BEGIN Data for this exercise

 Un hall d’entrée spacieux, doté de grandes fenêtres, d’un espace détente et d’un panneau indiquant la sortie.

END Data for this exercise
BEGIN Data for this exercise

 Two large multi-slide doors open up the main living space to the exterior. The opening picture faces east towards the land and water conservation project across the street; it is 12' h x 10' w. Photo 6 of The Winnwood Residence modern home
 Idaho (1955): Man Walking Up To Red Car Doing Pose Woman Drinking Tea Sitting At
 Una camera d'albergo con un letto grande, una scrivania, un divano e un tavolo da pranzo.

END Data for this exercise
BEGIN Data for this exercise

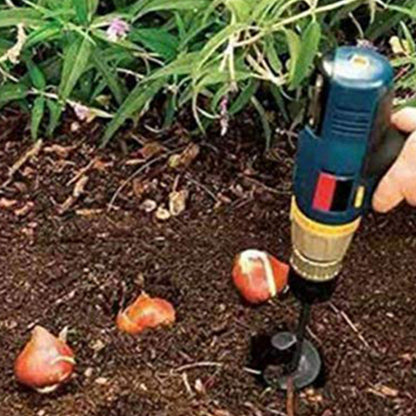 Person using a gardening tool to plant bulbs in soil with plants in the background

END Data for this exercise

Only one stretch of the data above is needed. Restate it word for word, from the line containing "Idaho (1955): Man" through the line containing "Una camera d'albergo", both ends included.

> **Exercise output**:
 Idaho (1955): Man Walking Up To Red Car Doing Pose Woman Drinking Tea Sitting At
 Una camera d'albergo con un letto grande, una scrivania, un divano e un tavolo da pranzo.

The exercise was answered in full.